Online Census? Think Twice!

Completing the decennial census online probably seems like an easy task, but convenience comes at a price—a price that I am unwilling to pay.

Census 2020

To understand what is at stake in completing a census online, one needs to first understand a little about web technology and a little about how that technology has evolved. Web servers consist of two discrete elements with the same name. The first is the physical hardware; the second is the virtual software. Logically, the hardware provides the circuitry that enables the software to run. Since one does not function without the other it is common to speak of them as one thing, but it is occasionally useful to regard them separately. Pretty much any “box” can run web server software, but web server hardware is usually tailored to this one specific purpose. So when we speak of storage capacity, memory, and processor speed we are speaking of hardware. When we speak of GUI, CGI, platform, protocol, and capability we are speaking of software. In this post I am in fact speaking almost entirely about web servers as software. By some accounts, Apache accounts for 40% of web servers. Nginx powers another 32%. Apache and Ngnix then have modules for PHP and Perl and Python and Ruby and SQL and so on. Web servers are responsible for everything from plain HTML to the immersive PHP+JS on Facebook to the streaming video on YouTube. In many cases, even smartphone apps are just shells that interact with a web server on the back end.

The thing about web servers is that every one logs every thing. While different web servers log more or less information, at a minimum all of them log the date, time, protocol, response code, referrer, IP (internet protocol) address, URI (uniform resource identifier, a.k.a. “file”), and UA (user-agent, a.k.a “browser”). Most people already know that IPs are unique addresses on a given network. The internet has IPs which are assigned to client nodes by various cascaded routers. Routers do exactly what it sounds like (routing internet data) all along the internet from every backbone node to every data center and every user. Many of us have used a VPN which itself incorporates a router and most of us have wifi routers at home. Routers exist on fiber optic lines, coaxial lines, copper lines, and cellular networks. Whether on an internet backbone, within a university or company, or within a local ISP, routers assign IPs to computers, printers, cellphones, and, yes, to other routers. Backbone IPs remain static down to the ISP (internet service provider) level. ISPs are assigned fixed ranges of IPs which are then dynamically assigned via DHCP (dynamic host configuration protocol). Ironically, while dynamic IPs were once truly dynamic, for more than a decade now most ISPs have configured their DHCP servers to always assign the same IP address to each customer. This practice makes it easier for ISPs to identify naughty customers that abuse the network to say nothing of subpoena compliance. The statically-allocated ranges also makes it possible for internet databases to correlate IPs to general geographies pretty much in the same manner that area codes and exchanges once identified states, cities, and communities. Over time, a number of databases have come into existence that offer even more finely-tuned geolocation. Google itself can resolve IPs to specific addresses, though it does not make such fine-grain resolution available to the public. Still, there is enough public data available from real estate and prior censi/censuses to infer a great deal about the demographics associated with IP ranges.

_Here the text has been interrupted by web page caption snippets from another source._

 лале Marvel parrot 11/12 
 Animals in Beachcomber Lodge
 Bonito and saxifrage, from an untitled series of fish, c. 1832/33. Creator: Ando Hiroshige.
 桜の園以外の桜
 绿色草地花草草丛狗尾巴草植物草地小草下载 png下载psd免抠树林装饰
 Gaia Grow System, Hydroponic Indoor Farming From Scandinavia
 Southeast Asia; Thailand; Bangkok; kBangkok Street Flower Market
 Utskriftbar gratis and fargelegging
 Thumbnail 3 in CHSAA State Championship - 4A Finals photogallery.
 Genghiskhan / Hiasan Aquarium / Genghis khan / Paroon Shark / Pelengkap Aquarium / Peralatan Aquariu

Server logs are pretty boring in and of themselves, but they are essential to load balancing and troubleshooting. The original premise of server logs, though, was that the data contained in the logs was functionally anonymized. Over time, however, myriad programs came along for analyzing server logs. Originally, log analysis was useful for understanding peak traffic times and resource allocation. Then log analyzers began correlating geography and browser (because in the 1990s and 2000s there was an ongoing browser war; each browser wanted to deliver a compelling niche experience and therefore interpreted the HTML standards differently than its competitors.) By the time 2020 rolled around, usage analytics evolved to reach far beyond mere server logs; websites now link invisible resources and embed hidden “pixel” images from third-parties like Google and Microsoft and Amazon in order to track a user’s activity across countless sites. Except for TOR, there is no no such thing as private or anonymous browsing (and as good as TOR is, it isn’t 100%).

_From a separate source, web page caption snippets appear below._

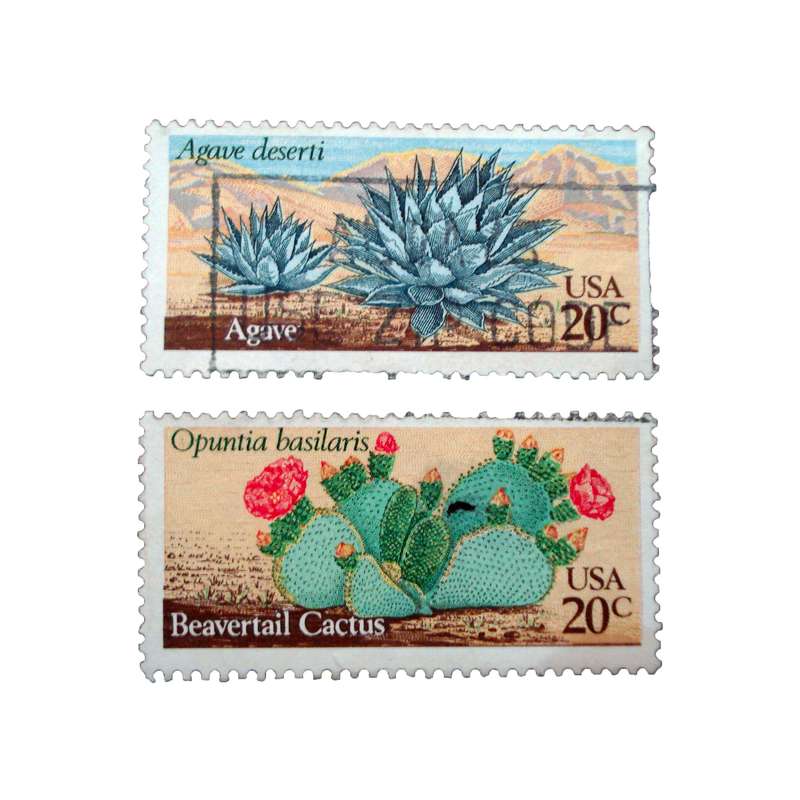 تمبر یادگاری مدل طبیعت کد bc-1843 مجموعه 2 عددی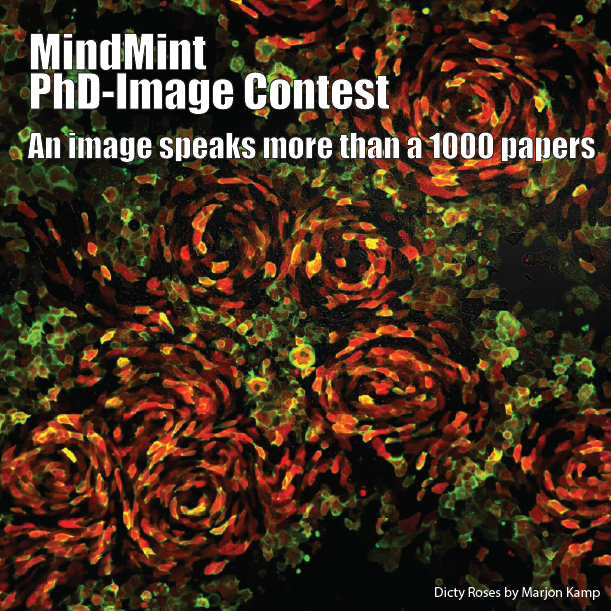 MindMint PhD-image contest
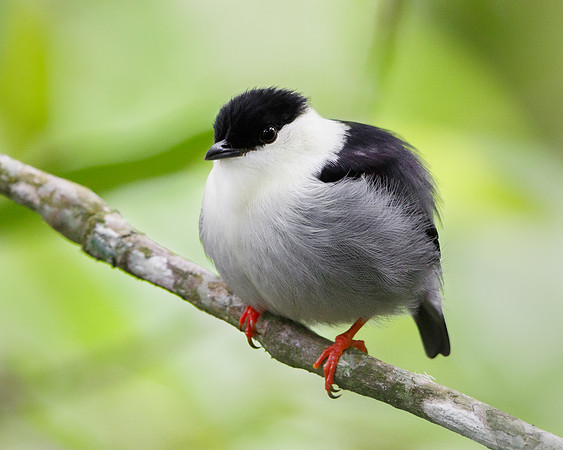 White-bearded Manakin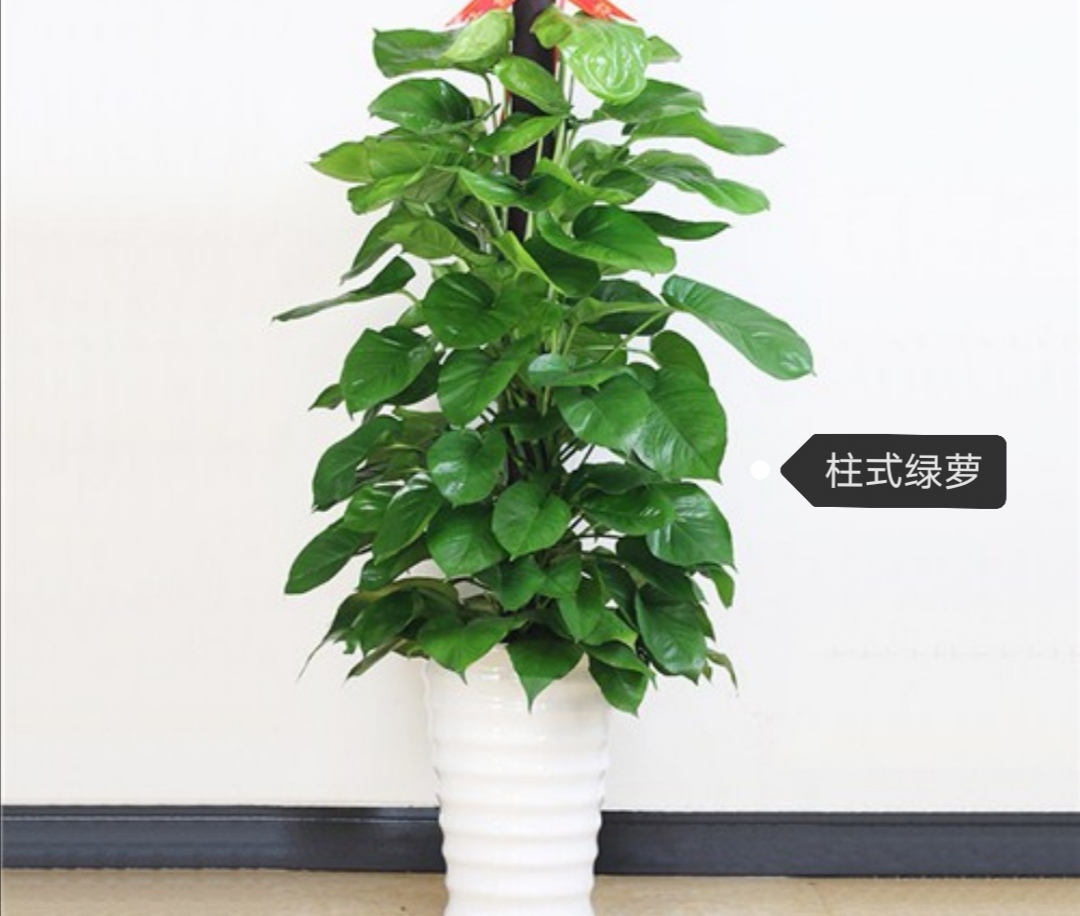 绿萝室内养殖方法和技巧,家庭养绿萝技巧与禁忌有哪些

Suppose Citizen Doe visits website X which is hosted on Amazon AWS. Then Citizen Doe visits website Y hosted on Cloudflare. Citizen Doe doesn’t know and doesn’t care whose physical servers power those websites. Citizen Doe also doesn’t know and doesn’t care that both sites embedded a 1-pixel image or 1-line stylesheet from Google. But when Citizen Doe loads a page from those sites, Google gets to log the hidden request to its servers. Google then knows that the same UA on the same IP visited both sites. To see how detailed this information can get,  this less-sophisticated site will display rudimentary your UA, OS, IP, and location, among other metadata. Taken as a whole, this data comprises a shockingly reliable virtual fingerprint. Over the last twienty years, analytics purveyors have mined enough data to very accurately identify the race, gender, approximate age, approximate income, and approximate net worth of an otherwise “anonymous” user. This information is what powers targeted advertising and how a user magically sees ads for Izod polos on poshmark after looking at Ralph Lauren polos on ebay. This is also how Google knows which automobiles would be of greatest interest to a particular user and whether to advertise Netflix (paid) or Pluto (free). It’s simple socioeconomic demographics. And it gets worse!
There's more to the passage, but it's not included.